We have introduced a novel backward Euler–Maruyama method to increase the weak convergence rate of approximations in the presence of killing. The numerical experiments confirm our theoretical result that the convergence rate is of the order \(1/N\), where \(N\) is the number of discretisation steps. This corresponds to an order-1 weak convergence rate, which is the best rate that one can achieve (see Gobet [21]).

Moreover, the numerical studies suggest that one does not need a large \(N\) to obtain a sufficiently close approximations as all numerical studies indicate error terms diminishing very rapidly with a small number of iterations. The numerical experiments also suggested that our method outperforms the Brownian bridge method in certain cases, although such a statement currently does not have any theoretical backing.

We suggest a couple of interesting avenues for future research in addition to the extension of the BEM scheme to higher dimensions as discussed in the introduction:

– The transform method with BEM has the potential to achieve a higher order of weak convergence. Indeed, one possibility of improvement is to combine the BEM scheme with the Romberg extrapolation method (see e.g. Glasserman [20, Sect. 6.2.4]). Some preliminary tests are encouraging, showing that the Romberg method generates significantly lower errors compared to the Euler hitting probability method and BEM. We believe that we can expand further the weak error to justify the use of the Romberg method, and a higher order weak convergence analysis is currently under investigation.

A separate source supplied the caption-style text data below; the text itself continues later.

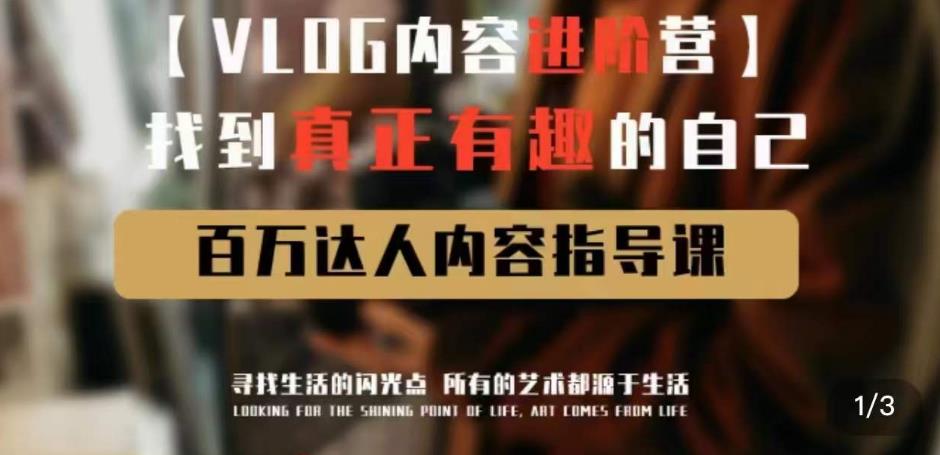 vlog内容进阶营，找到真正有趣的自己，百万达人内容指导课-小柒笔记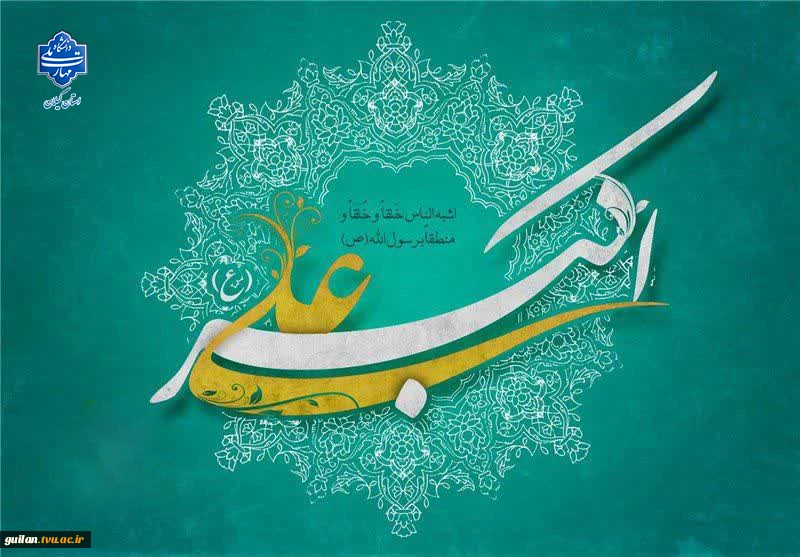 ولادت با سعادت حضرت علی اکبر(ع) و روز جوان را به دانشجویان آینده‌دار جامعه تبریک و تهنیت عرض می‌نماییم.  2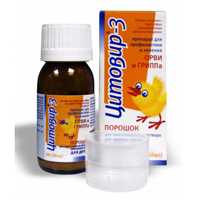 ЦИТОВИР-3 пор. (фл.) 20г 1 шт. Апельсиновый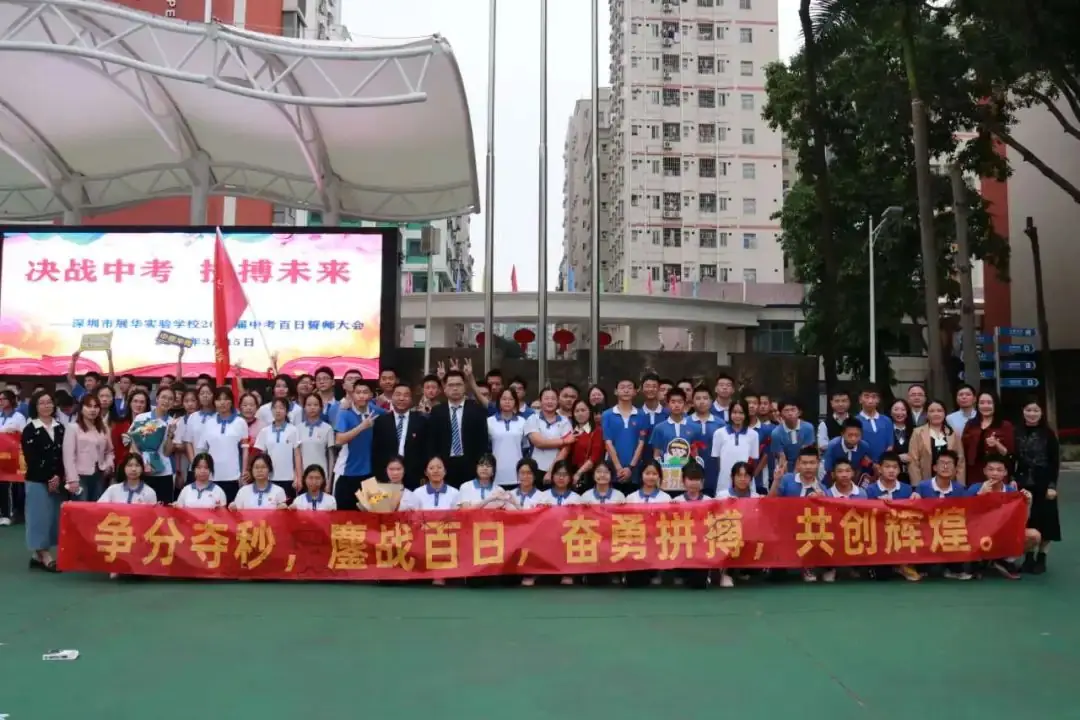 【展华动态】决战中考 拼搏未来——深圳市展华实验学校2024届中考百日誓师大会-第51张图片-四季读书网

– Exact simulation of diffusions. Especially in a multidimensional setting, it is a challenge to keep the simulated values of \(X\) in its domain even though it should not touch its boundaries in theory. The implicit scheme considered in this paper is one way out. Exact simulation, introduced in Beskos and Roberts [6] for the one-dimensional case, may be another way to resolve this issue. It involves a rejection-sampling algorithm and, when applicable, returns exact draws from any finite-dimensional distribution of the solution to the SDE. The method has been further extended to multivariate diffusions in Blanchet and Zhang [7], although some open questions remain regarding the speed of convergence of the algorithm. It will be interesting to study exact simulations for the recurrent transformations that may lead to a decrease in computation time by avoiding implicit schemes, especially in higher dimensions.